En outre, il est possible que çà et là, parmi les vastes carrières de granit aient été découvertes non seulement des veines, mais des masses, ou des poches de pechblende. Dans ce cas la puissance à la disposition de ceux qui savaient comment l'utiliser a dû être fantastique. La science était en Égypte gardée par les prêtres, et dans leurs vastes congrégations il devait y avoir des hommes d'un grand savoir; des hommes qui savaient comment mettre en œuvre et avec le maximum d'avantages, ainsi que dans la direction qu'ils souhaitaient, les forces terrifiantes auxquelles ils commandaient. Et si le pechblende existait et existe en Égypte, ne pensez-vous pas qu'une grande quantité a dû être libérée par l'usure et l'érosion des roches granitiques? Le temps et les intempéries réduisent toutes les roches en poussière; l'accumulation même de sables du désert, qui, à travers les siècles, ont recouvert quelques-uns des plus majestueux monuments édifiés par l'homme, en fournit la preuve. Si donc le radium est divisible en particules aussi ténues que le disent les savants, il a dû lui aussi être, avec le temps, libéré de sa prison de granit et laissé libre d'agir dans l'air. On pourrait presque hasarder une suggestion: le choix du scarabée comme symbole de la vie n'était peut-être pas dénué de toute base empirique. N'aurait-il pas été possible que les Coprophages aient eu le pouvoir, ou l'instinct, de se saisir des minuscules particules de ce radium qui donne du courage, la lumière – et peut-être la vie, et de les enclore avec leurs œufs dans ces boules de matière qu'ils roulent si assidûment, et qui leur ont donné leur nom ancien, Pilularia. Dans les milliards de tonnes de débris du désert, se trouve sûrement mélangée une certaine proportion de chacune des terres, des roches et des minéraux de leur zone; et, la nature adapte ses êtres vivants à chacun de ces milieux pour qu'ils puissent se développer sur ceux qui sont privés de vie.

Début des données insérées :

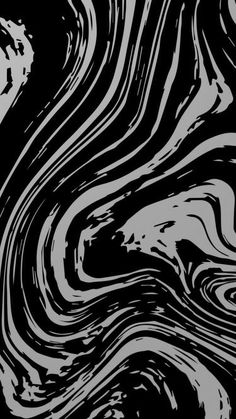 an abstract black and white background with wavy lines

» Les voyageurs nous disent que du verre abandonné dans les déserts tropicaux change de couleur et fonce sous le soleil de feu, comme il fait quand il est soumis à l'influence des rayons du radium. Cela n'implique-t-il pas une sorte de similitude entre les deux forces, qu'il reste à identifier?


Ces discussions scientifiques – ou pseudo-scientifiques – m'avaient apaisé. Elles détournaient mon esprit des rêveries sur les mystères de l'occulte, en attirant mon attention sur les merveilles de la nature.